Chrome collects performance data both in the lab, and from end users. There are thousands of individual metrics. This is an overview of how to sort through them at a high level.
At a high level, performance work in Chrome is categorized into tracks, like loading, memory, and power. Each track has high-level metrics associated with it.
- An overview of tracks: lists the tracks and key contact points.
- **Speed Launch Metrics: the important high-level metrics we measure for each track.
Chrome has multiple performance labs in which benchmarks are run on continuous builds to pinpoint performance regressions down to individual changelists.
The main lab for performance monitoring is chromium.perf. It continuously tests chromium commits and is monitored by the perf sheriff rotation.
- What is the perf waterfall?
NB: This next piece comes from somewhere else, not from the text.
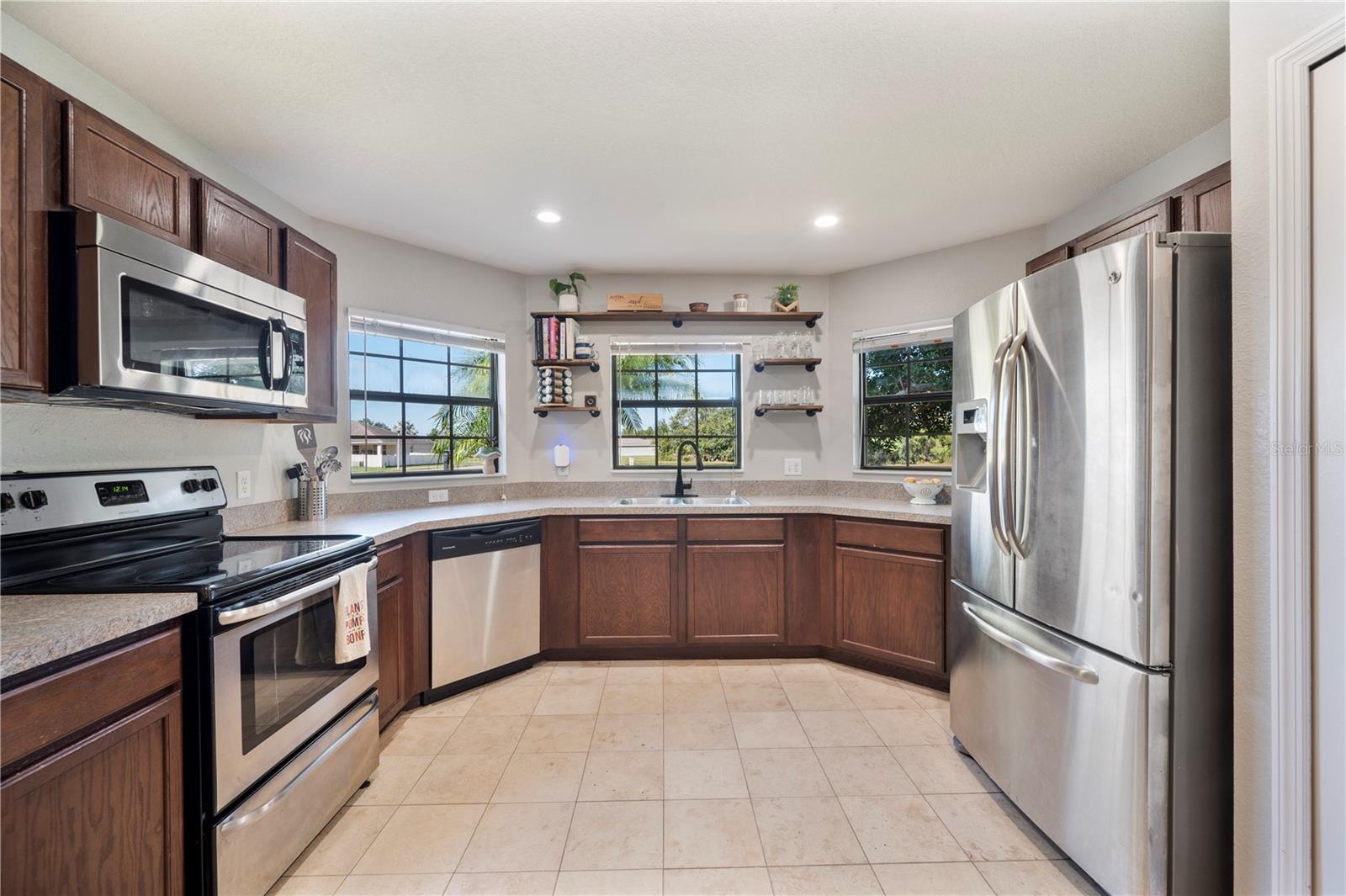 Image 10 of 36 For 6436 Evergreen Park Drive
An overview of the waterfall that runs the continuous build.
- **How telemetry works: An overview of telemetry, our performance testing harness.
- **How perf bisects work: An overview of the bisect bots, which narrow down regressions over a CL range to a specific commit.
- *Benchmarks
- Benchmark Policy: An overview of the benchmark harnesses available in Chrome, and how to find the right place to add a new test case.
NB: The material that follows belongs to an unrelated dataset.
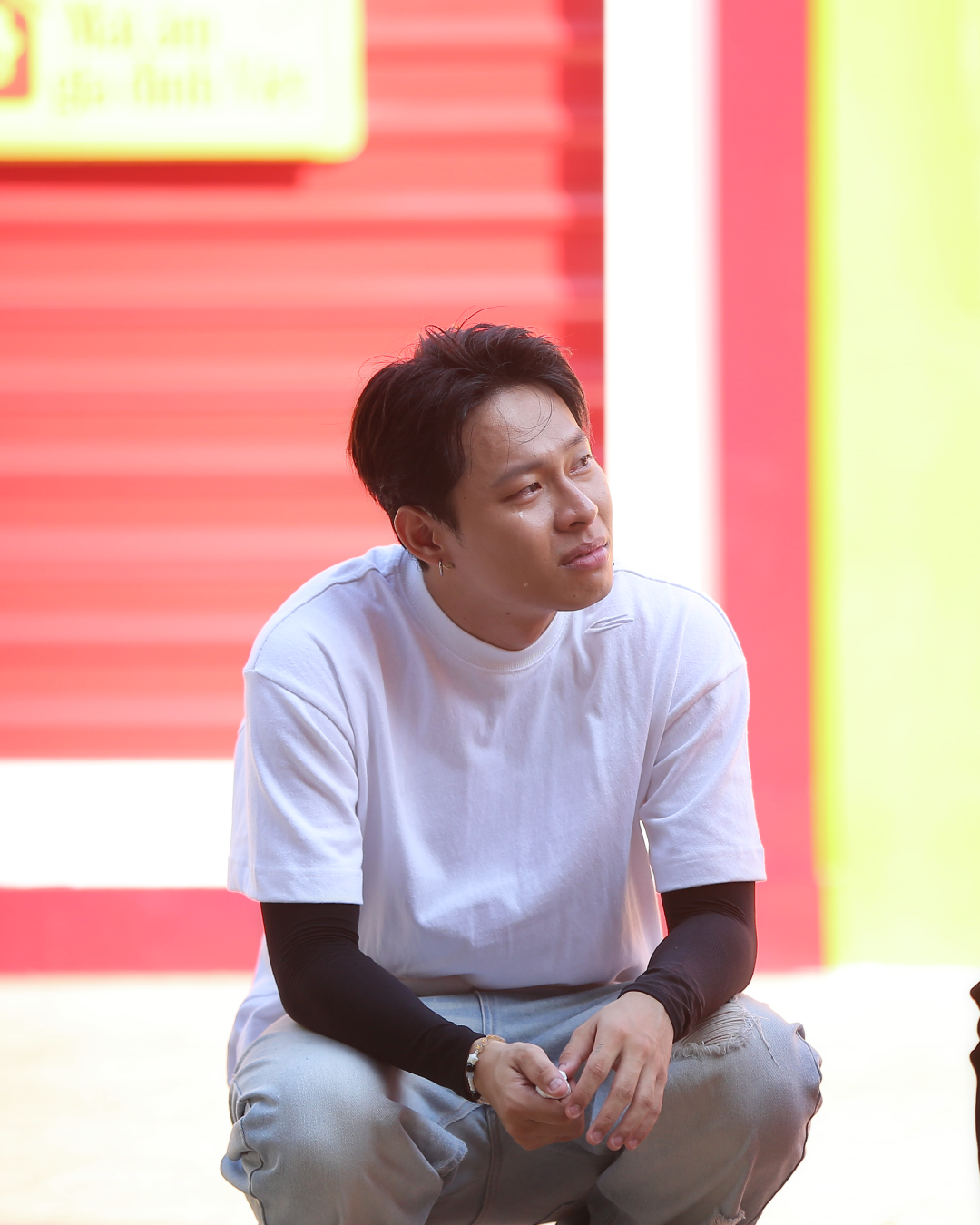 Nước mắt lăn dài trên gương mặt nam rapper HURRYKNG khi chứng kiến sự trưởng thành và thiệt thòi của những em nhỏ mồ côi.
- System health benchmarks: The system health benchmarks measure the speed launch metrics on real-world web use scenarios.
- How to run on perf trybots: Have an unsubmitted CL and want to run benchmarks on it? Need to try a variety of hardware and operating systems? Use the perf trybots.
- How to run telemetry locally: Instructions on running telemetry benchmarks on your local machine.
- List of platforms in the lab: Devices, configurations, and OSes the chromium.perf lab tests on.
There are several other performance labs for specialized use:
- Lab Spotlight: AV Lab (Googlers only): Learn all about audio/video quality testing.
- Lab Spotlight: Cluster telemetry: Need to run a performance test over thousands of pages? Check out cluster telemetry!
The Speed Launch Metrics doc explains metrics available in UMA for end user performance. If you want to test how your change impacts these metrics for end users, you'll probably want to Run a Finch Trial.